“The lucidity of Daniel’s razor-sharp prose is surpassed only by the boldness and sensitivity of his thought. Joy of the Worm resists the easy logic of secularization, whereby classical valorization and Christian condemnation of self-killing sequentially give way to a modern understanding of suicide as a cry for help. Instead, Daniel attunes us to materialist understandings and aesthetic representations of self-destruction in which cruelty and tenderness, sorrow and mirth, ugliness and beauty mingle conceptually and tonally. Daniel’s meticulous and humane readings attune us to a complex affective and social landscape surrounding suicide.”

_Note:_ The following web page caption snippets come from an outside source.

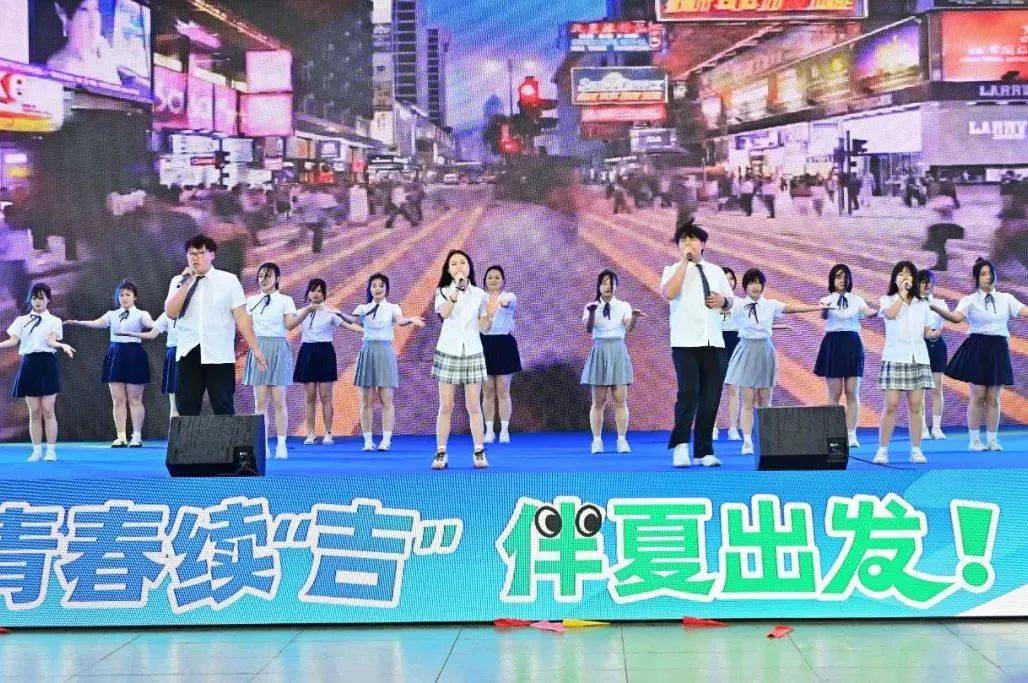 养老服务：朝阳产业亟须注入青春力量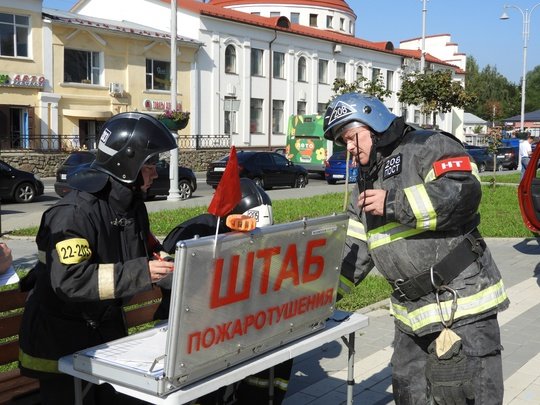 🚒🔥Пожарно-тактические учения – это не только отработка навыков пожарных и спасателей, но и моделирование различных ситуаций, которые могут произойти во время настоящего происшествия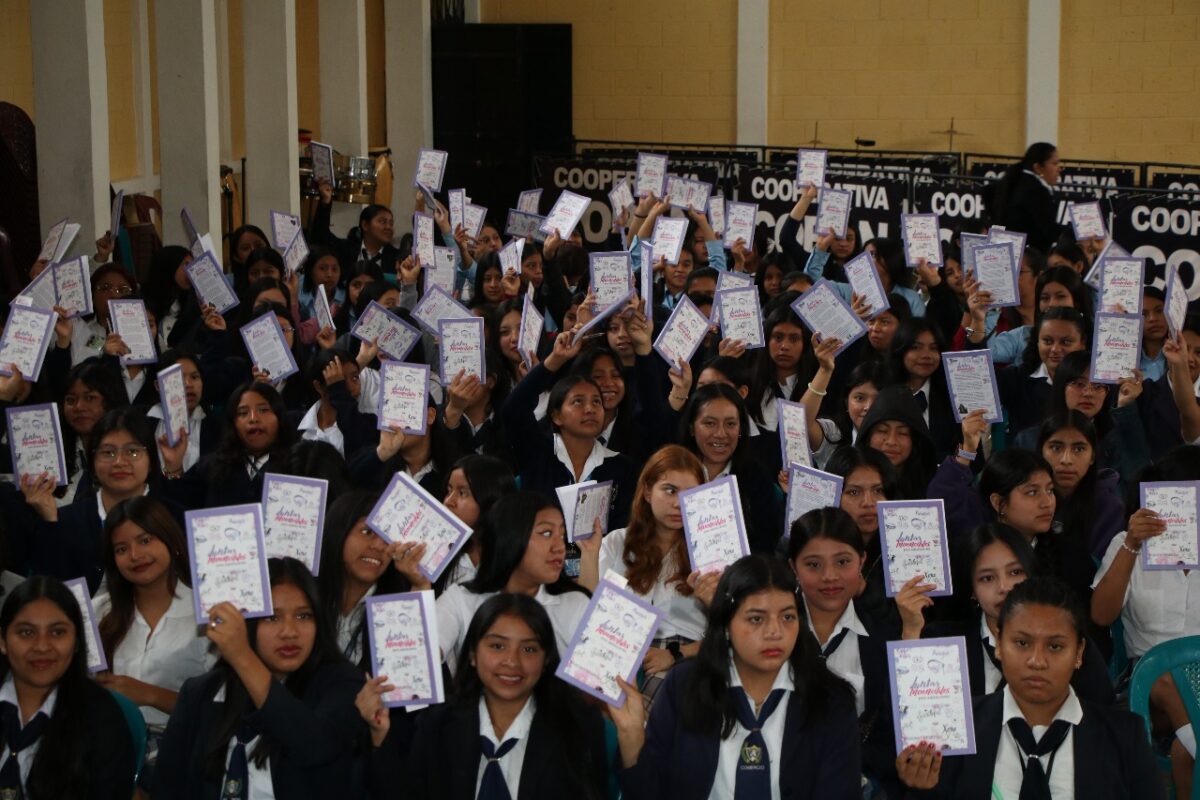 Un Libro, 4000 Sueños: La Travesía de “Juntas Invencibles” imagen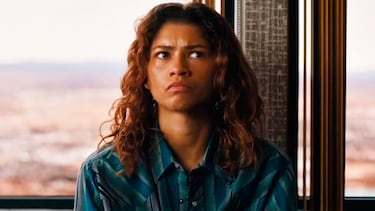 Una stripper con collarín y un polémico doblaje: el debut de Rosalía en ‘Euphoria’ da la vuelta al mundo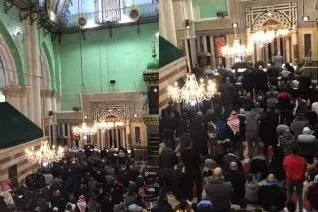 Hebron, migliaia di Palestinesi pregano nella moschea Ibrahimi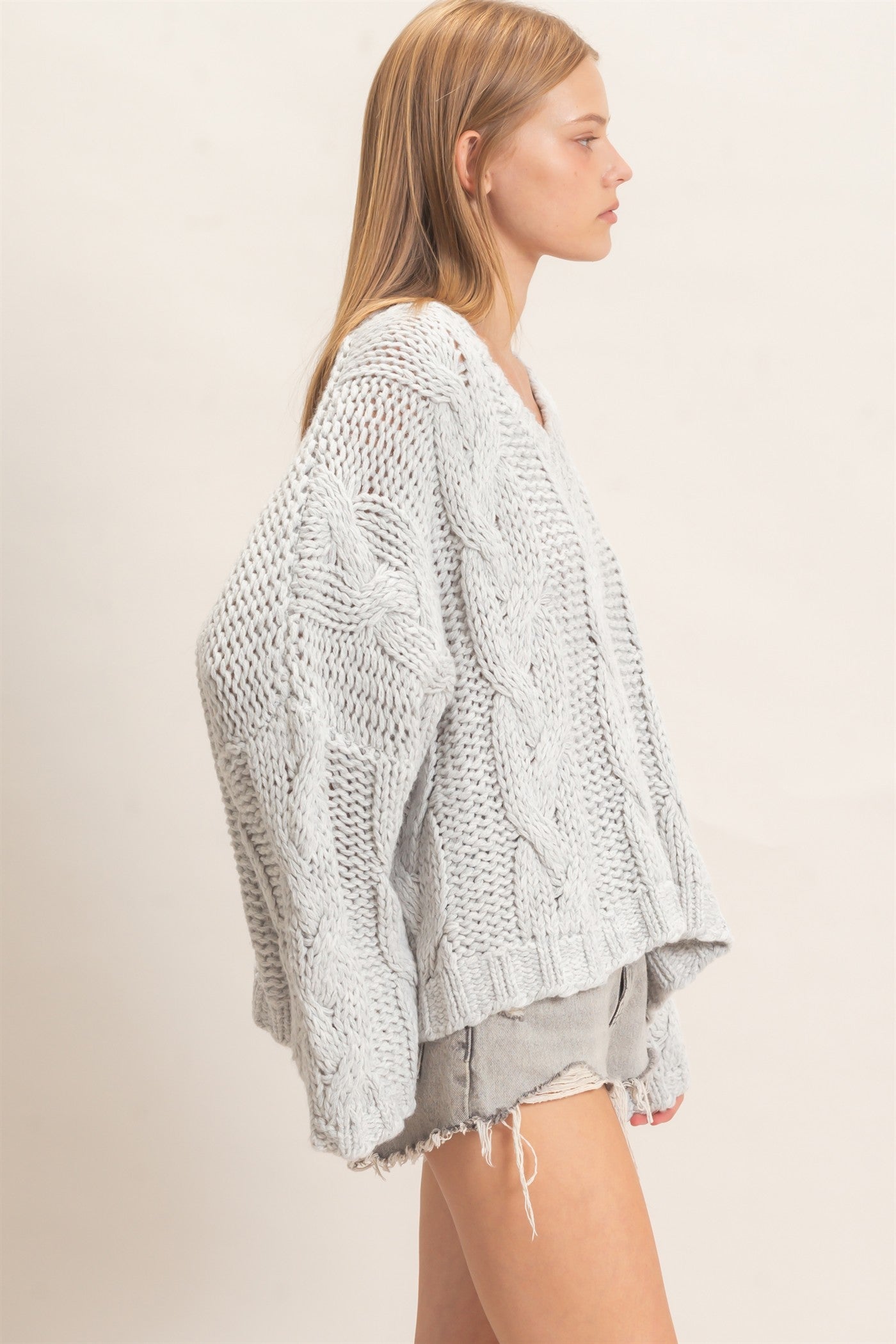 Wholesale Cable Knit V-Neck Sweater Sweaters HF26F175-D GRAY HYFVE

— Melissa E. Sanchez, University of Pennsylvania
“What happens if we take seriously the failed seriousness of literary scenes of self-killing? ‘Joy within death’ is the ambit of Daniel’s revelatory book, which gathers instances on both sides of Thomas Browne’s Religio Medici (1643)—the work that debuted the word ‘suicide’—to show this ‘contrary aesthetic tendency’ accreting generic force. By reckoning with the levity that animates the choice not to bear what must be borne, Joy of the Worm offers a brilliant and necessary meditation on the resources early modernity furnishes for finding pleasure in an age of destruction and setting down the burden of false hope.”

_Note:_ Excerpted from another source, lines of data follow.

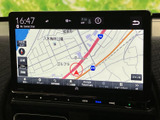 地図上に現在地や周辺の道路が表示され、目的地までの道順を確認しやすい画面です。縮尺などの表示も見やすく、初めて向かう場所へのお出かけや日常の移動に役立ちます。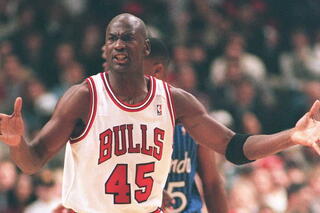 Michael Jordan met het rugnummer 45
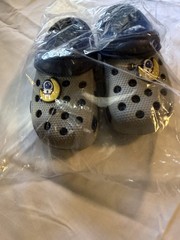 A Beautiful Slippers, A Grey And Blue Color For Boys And Kids ￼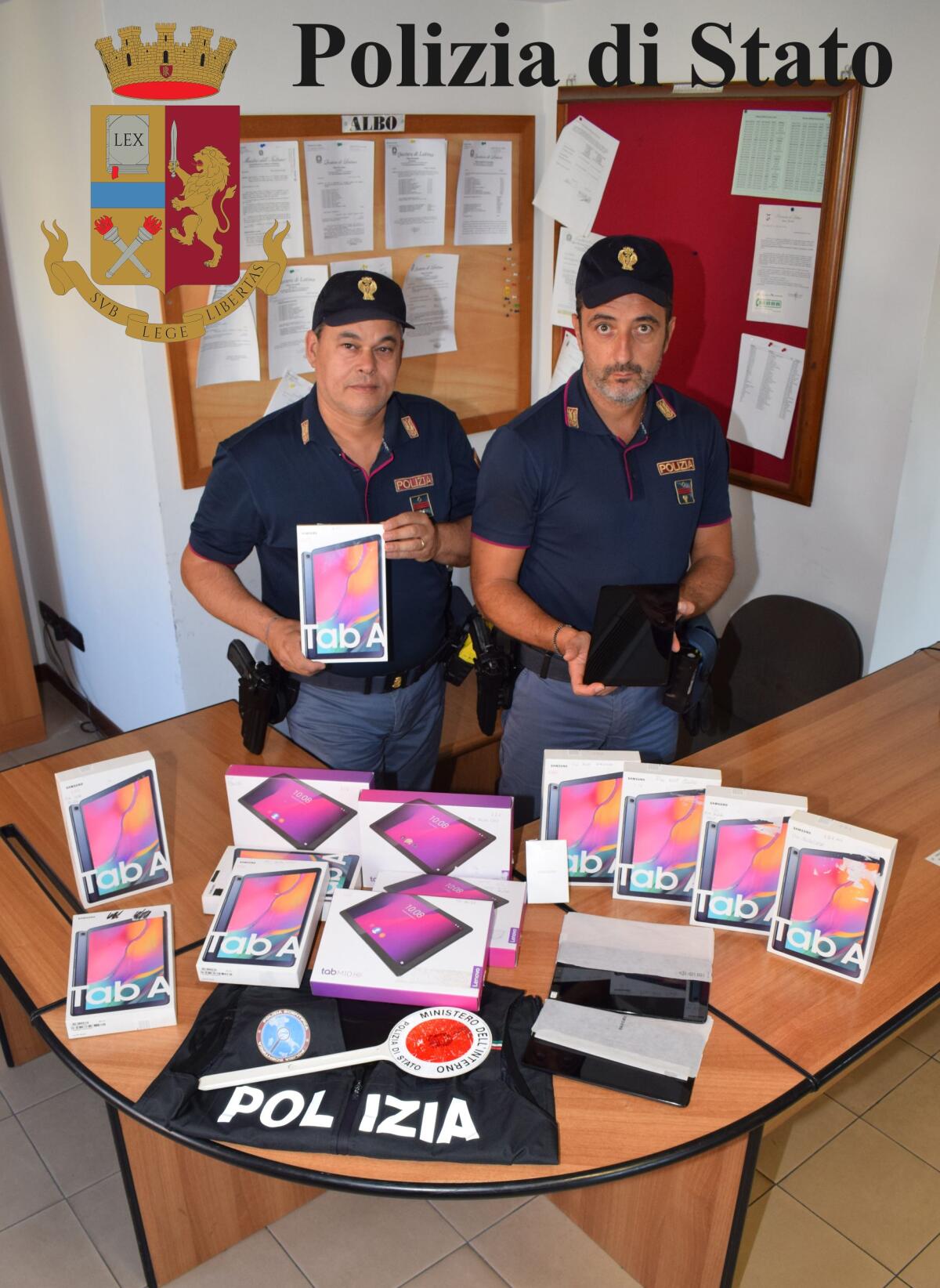 14 tablet rubati in una scuola a Borgo Faiti e trovati dai poliziotti di Cisterna - 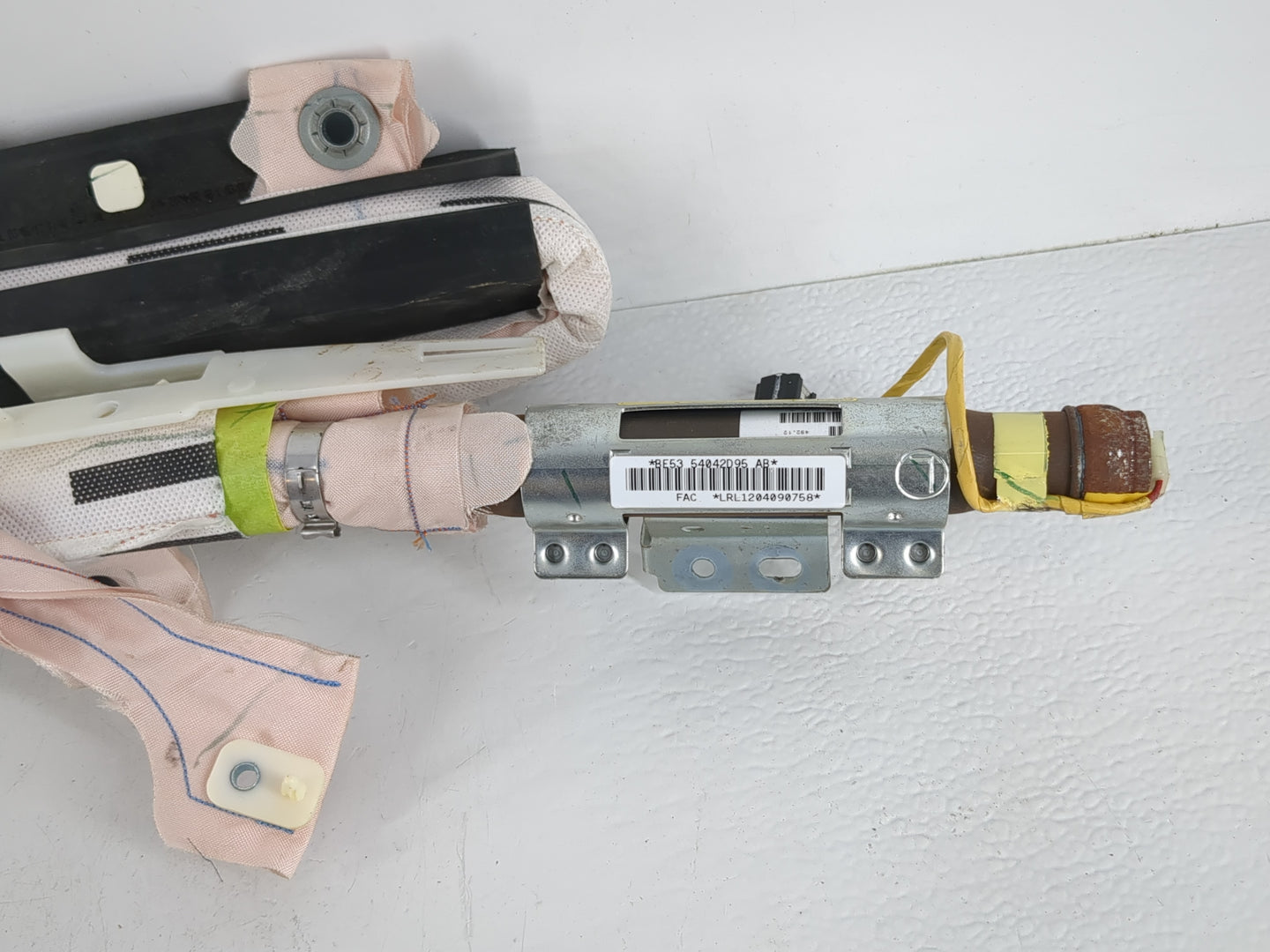 2010-2012 Ford Fusion Air Bag Driver Left Steering Wheel Mounted P/N:54042D95 AB BE53 Fits Fits 2010 2011 2012 OEM Used Auto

— Ellen MacKay, University of Chicago
“Joy of the Worm is a brilliant, deeply thoughtful, conceptually agile, ethically serious, and surprisingly funny work. Before the emergence of suicide as the pathologized act we currently understand it to be, self-killing enabled a wider set of affective and aesthetic responses. Alert to the difficulty of this topic, Daniel moves deftly back and forth between our twenty-first-century present and the early modern past so that we can understand our own assumptions for what they are: historically contingent ways of framing and perhaps diminishing a fundamental human possibility.”

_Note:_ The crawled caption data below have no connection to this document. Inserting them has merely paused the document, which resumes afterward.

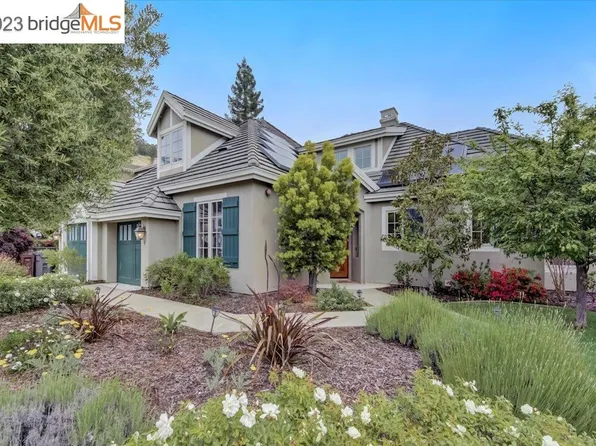 2 Woodside Glen Ct, Oakland, CA 94602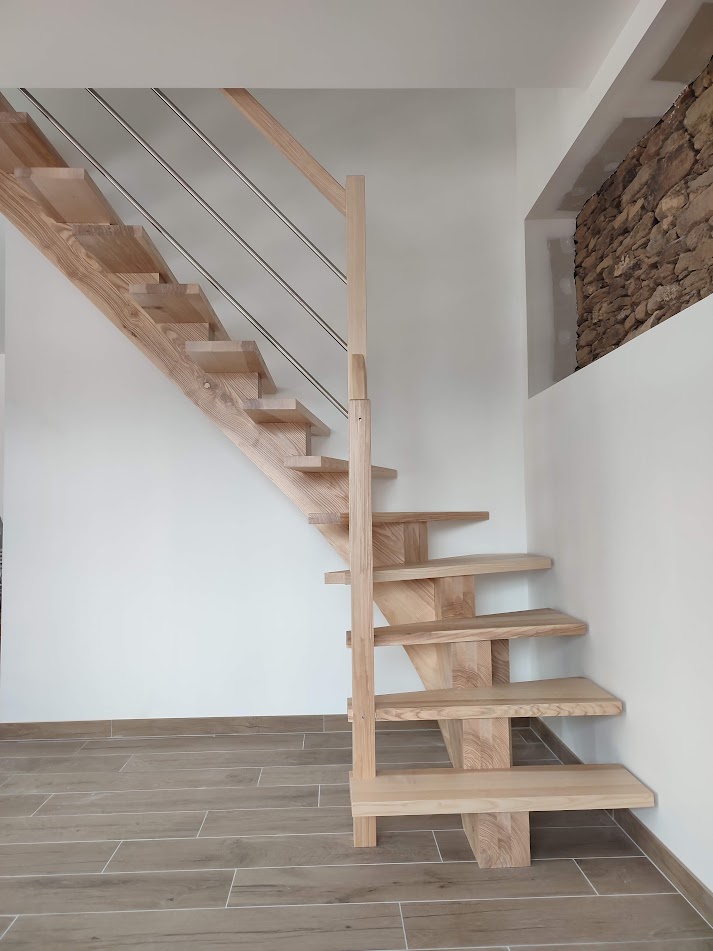 escalier en bois massif avec garde corps de style contemporain à proximité de tulle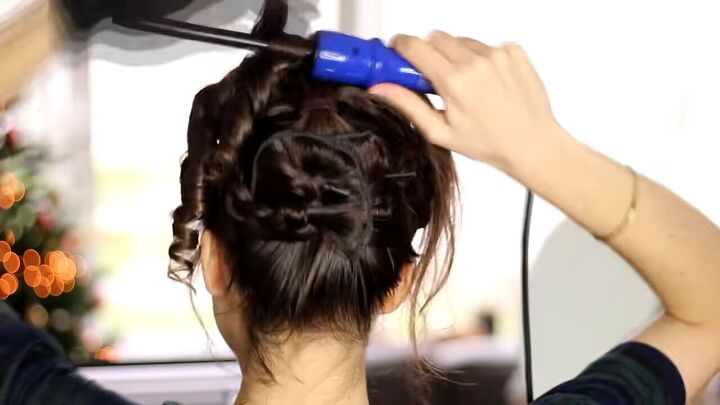 10 steps to create a beautiful braided audrey hepburn hairstyle, Curling hair that is still down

— Timothy M. Harrison, author of 'Coming To: Consciousness and Natality in Early Modern England'
"The book is rich with references to literary critics, philosophers, and thinkers both ancient and modern; present-day thinking about suicide; and aspects of current popular culture but is always accessible and easy to follow. Undergraduates will find the sections on Hamlet and Antony and Cleopatra especially enlightening. . . . Highly recommended."
— Choice
"It is a testament to the sheer brilliance of Drew Daniel’s new book—and by 'brilliance' I mean not only its impressive intelligence but also the delightful sparkle of its prose—that I found myself, while reading it, frequently giggling with glee over his meditations on the topic of [suicide] . . . Above all else — even beyond the persuasiveness of its arguments and sharp-eyed close readings — the enjoyment the book generates stems largely from the wit and eloquence of its writing."
— Modern Philology
"This monograph is of value to students and teachers of early modern literature and culture, yet no review can adequately encapsulate the experience of reading it. Like the joy of the worm, the book itself evades the expected experience of its genre (the academic monograph) and instead offers—less dramatically than self-killing but with notable acuity—the indulgence of playful prose and the invitation to ponder life and death with indecorous delight. Many of its findings enlighten us about living as much as about dying."
— Review of English Studies
"Drawing on intellectual and literary history, Daniel explores how voluntary death - distinguishing between suicide and self-killing - in literature goes beyond tragedy."